Да, здесь я принял в сердце откровение Софии, здесь в мою душу была вложена та жемчужина, которую искал я в течение всей своей слепой и смутной жизни, искал умом и сердцем, больше умом, чем сердцем, и когда обрёл, то узнал её, как сокровище, данное мне как дар Божий в духовном моём рождении.
Но наша церковная эстетика включала и «кладбище», то есть кладбищенскую церковь моего отца, которая находилась на другом конце города. Это считалось «далеко», и туда ездили «на лошади»: зимой на санях, летом на «тарантасе», причём и эта лошадь, и кучер «Федорок» также вошли в память о святыне. Мы неохотно изменяли «Сергию» для «кладбища» и лишь иногда, в определённые времена, как бы из любезности отцу, отправлялись с ним на его служение. Здесь было меньше эстетики: пение (тоже дьячка, трогательного в своей простоте и благочестивой наивности) нас не пленяло. Церковь была мужицкая, серая. Но здесь было другое: отец, совершающий таинство Евхаристии и потрясающий тем нашу душу, его детская восторженность в пасхальную ночь, когда посредине храма водружалась жаровня фимиама и он наполнялся благоуханием (по Типикону), и из светлого храма выходили в тёмную ночь сада с могилами, поющими своими молчаливыми, но слышными голосами: Христос воскрес.
С «кладбищем» соединяется у меня ещё и небесная музыка сфер: когда ночью, во втором часу, ехали на санях в праздник Рождества Христова или Крещения, то небесный свод сиял своею славою. Звёзды горели и посылали в душу свои ангельские звуки среди мороза, как Господь родился на морозе в зимнюю ночь в пещере. И всё – одно об одном: о Славе Божией. Душа воспринимала многое и сохранила немногое, но это сохранила, потому что только это есть сокровище души, её жемчужина, – остальное кожура или оболочка…

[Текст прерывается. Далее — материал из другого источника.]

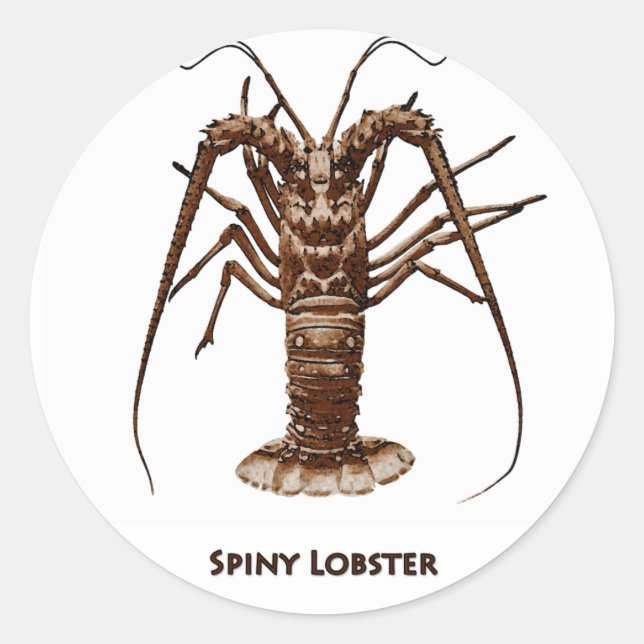 Caribbean Spiny Lobster Runder Aufkleber (Vorderseite)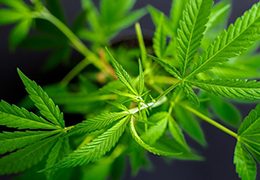 CBD suisse ou CBD français : quelle vraie différence derrière les produits de cannabis légaux ?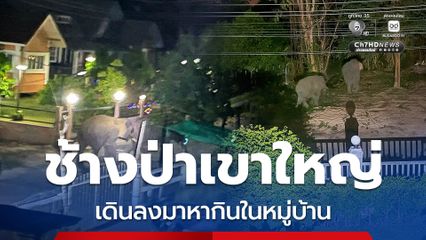 ช้างป่าเขาใหญ่โขลงใหญ่กว่า 30 ตัว เดินลงมาหากินในหมู่บ้าน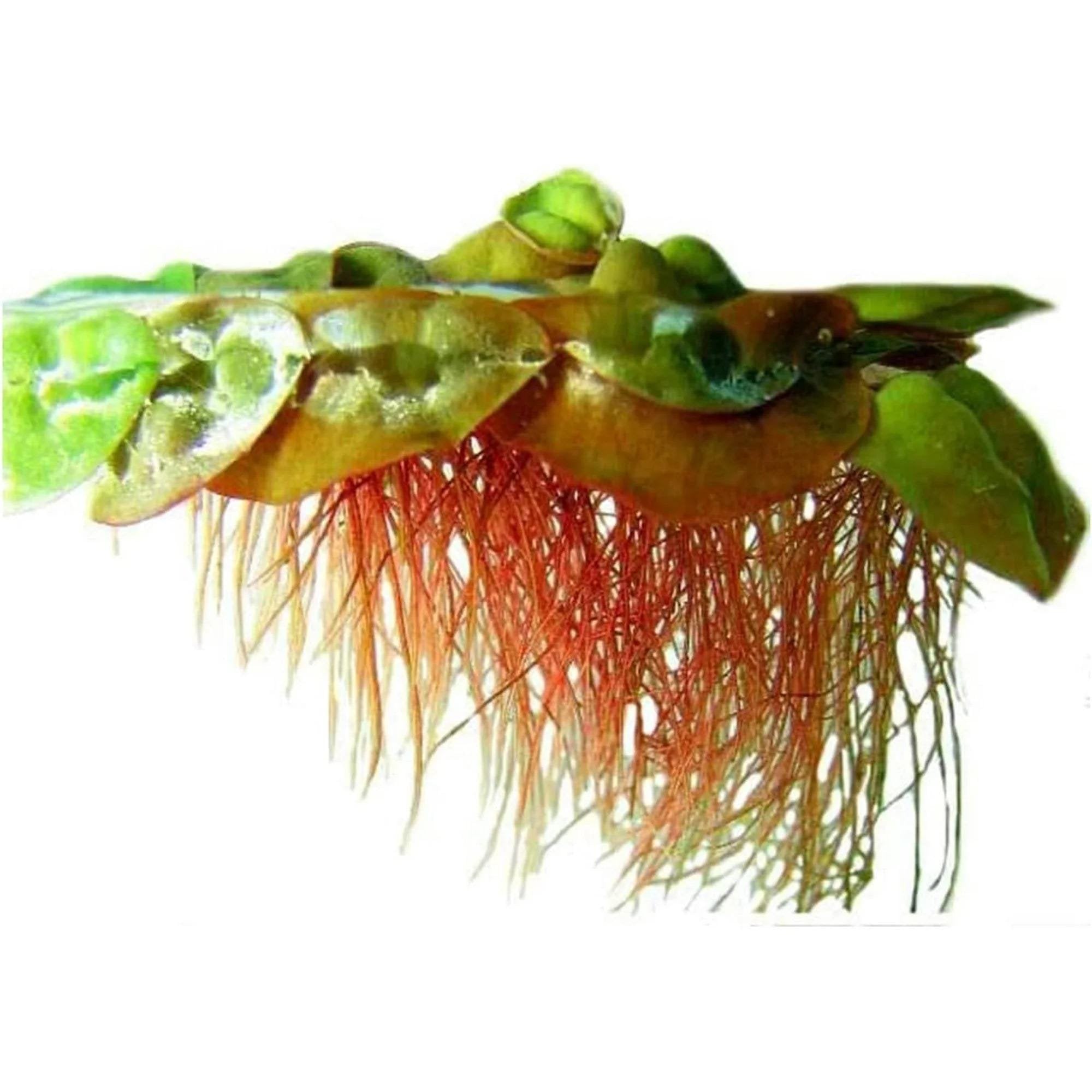 Red Root Floater Phyllanthus Fluitans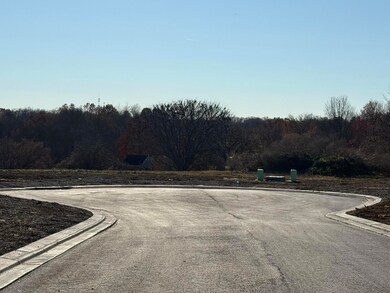 6681 Tullamore Ln unit Lot 3, Independence, KY 41051 - photo 6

Вместе с церковью я воспринял в душу и народ русский, не вне, как какой-то объект почитания или вразумления, но из нутра, как своё собственное существо, одно со мною. Нет более народной и, так сказать, народящей, онародивающей стихии, нежели церковь, именно потому, что здесь нет «народа», а есть только церковь, единая для всех и всех единящая. Однако никогда я не был слеп и глух к страданию народному, к неравенству и обиженности. Себя мы чувствовали всё-таки привилегированными, как бы ни было в действительности скромно наше существование, и это сознание вносило острое чувство стыда и социального покаяния, хотя и бессильного. По-детски это выражалось так: к Празднику Пасхи нам обыкновенно шилась какая-нибудь новая принадлежность туалета: уродливые сапоги, не менее уродливый костюм, вообще обновки, которые, конечно, весело и не без горделивости самолюбования чувствовались её обладателем. И однако к этому всегда примешивался щемящий звук, как ноющий зуб: а такой-то (Ванька, Кузятка) будет в своём единственном, старом, замусоленном, уродливом дипломате или свитке, потому что ему нечего больше надеть. И красуясь в церкви в своей обнове, я робко искал глазами и находил его – в его уродстве. Правда, сам-то он едва ли так остро чувствовал своё убожество, а сам я отлично приспособлялся к некоторому духовному неудобству и благополучно забывал об укорах совести. Но они всегда были, эти укоры.
И психология «кающегося интеллигента», которую он не умеет отличить от христианского покаяния, вместе с его «народничеством» зародилась именно здесь. Я всегда был народником, потому что был народен от рождения. Больше ничего у нас не было в детстве из области «культуры»: ни музыки, ни другого искусства, которого так жаждала душа. Но она была полна, потому что всё дано было в церкви, истина чрез красоту и красота в истине.
Здесь, в Софийном храме Успения, я родился и определился, как чтитель Софии, Премудрости Божией, как чтитель преподобного Сергия в его простоте и смирении, соединённой с горением и дерзновением, в его народолюбии и социальном покаянии. И здесь я определился как русский, сын своего народа и матери – русской земли, которую научился чувствовать и любить на этой горке преп. Сергия и на этом тихом смиренномудром кладбище.
И по велению Божию конец своего жизненного пути совершаю под кровом Успения-Сергия, хотя и в стране далёкой, в земле чужой, без аромата бархоток и резеды в августовский вечер…
Моё великое богатство, особое благословение Божие, было не только в том, что я родился и вырос под кровом двух храмов и на лоне нежной, смиренно-целомудренной природы, но и в семье православного священника, в атмосфере дома-храма, как будто продолжавшего собою храм.